_Aim of the task:_ From the line containing "Lampion LED z" through the last line, print the records exactly and nothing else.

[Web page caption snippets]
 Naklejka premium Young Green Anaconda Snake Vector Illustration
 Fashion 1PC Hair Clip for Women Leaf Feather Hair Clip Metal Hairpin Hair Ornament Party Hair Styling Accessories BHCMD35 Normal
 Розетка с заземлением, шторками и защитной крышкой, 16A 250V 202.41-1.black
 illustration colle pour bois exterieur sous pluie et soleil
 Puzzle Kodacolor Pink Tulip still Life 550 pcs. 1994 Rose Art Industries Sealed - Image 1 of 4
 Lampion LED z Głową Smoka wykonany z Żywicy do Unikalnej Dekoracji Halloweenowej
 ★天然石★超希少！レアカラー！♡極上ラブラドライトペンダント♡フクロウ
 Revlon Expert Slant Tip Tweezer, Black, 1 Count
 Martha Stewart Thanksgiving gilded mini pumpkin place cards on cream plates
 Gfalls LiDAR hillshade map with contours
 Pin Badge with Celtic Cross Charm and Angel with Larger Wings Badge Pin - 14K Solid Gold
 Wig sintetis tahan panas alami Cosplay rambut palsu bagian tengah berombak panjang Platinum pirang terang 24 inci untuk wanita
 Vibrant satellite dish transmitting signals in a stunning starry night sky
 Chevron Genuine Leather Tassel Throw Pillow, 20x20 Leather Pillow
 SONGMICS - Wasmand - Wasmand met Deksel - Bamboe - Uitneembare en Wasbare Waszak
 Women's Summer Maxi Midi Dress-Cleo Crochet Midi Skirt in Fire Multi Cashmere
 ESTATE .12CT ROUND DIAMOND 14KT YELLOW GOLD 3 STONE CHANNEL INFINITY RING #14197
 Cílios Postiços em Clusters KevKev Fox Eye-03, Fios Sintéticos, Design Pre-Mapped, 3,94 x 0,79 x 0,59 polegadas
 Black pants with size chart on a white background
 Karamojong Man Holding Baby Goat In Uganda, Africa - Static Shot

_Response to the task:_
 Lampion LED z Głową Smoka wykonany z Żywicy do Unikalnej Dekoracji Halloweenowej
 ★天然石★超希少！レアカラー！♡極上ラブラドライトペンダント♡フクロウ
 Revlon Expert Slant Tip Tweezer, Black, 1 Count
 Martha Stewart Thanksgiving gilded mini pumpkin place cards on cream plates
 Gfalls LiDAR hillshade map with contours
 Pin Badge with Celtic Cross Charm and Angel with Larger Wings Badge Pin - 14K Solid Gold
 Wig sintetis tahan panas alami Cosplay rambut palsu bagian tengah berombak panjang Platinum pirang terang 24 inci untuk wanita
 Vibrant satellite dish transmitting signals in a stunning starry night sky
 Chevron Genuine Leather Tassel Throw Pillow, 20x20 Leather Pillow
 SONGMICS - Wasmand - Wasmand met Deksel - Bamboe - Uitneembare en Wasbare Waszak
 Women's Summer Maxi Midi Dress-Cleo Crochet Midi Skirt in Fire Multi Cashmere
 ESTATE .12CT ROUND DIAMOND 14KT YELLOW GOLD 3 STONE CHANNEL INFINITY RING #14197
 Cílios Postiços em Clusters KevKev Fox Eye-03, Fios Sintéticos, Design Pre-Mapped, 3,94 x 0,79 x 0,59 polegadas
 Black pants with size chart on a white background
 Karamojong Man Holding Baby Goat In Uganda, Africa - Static Shot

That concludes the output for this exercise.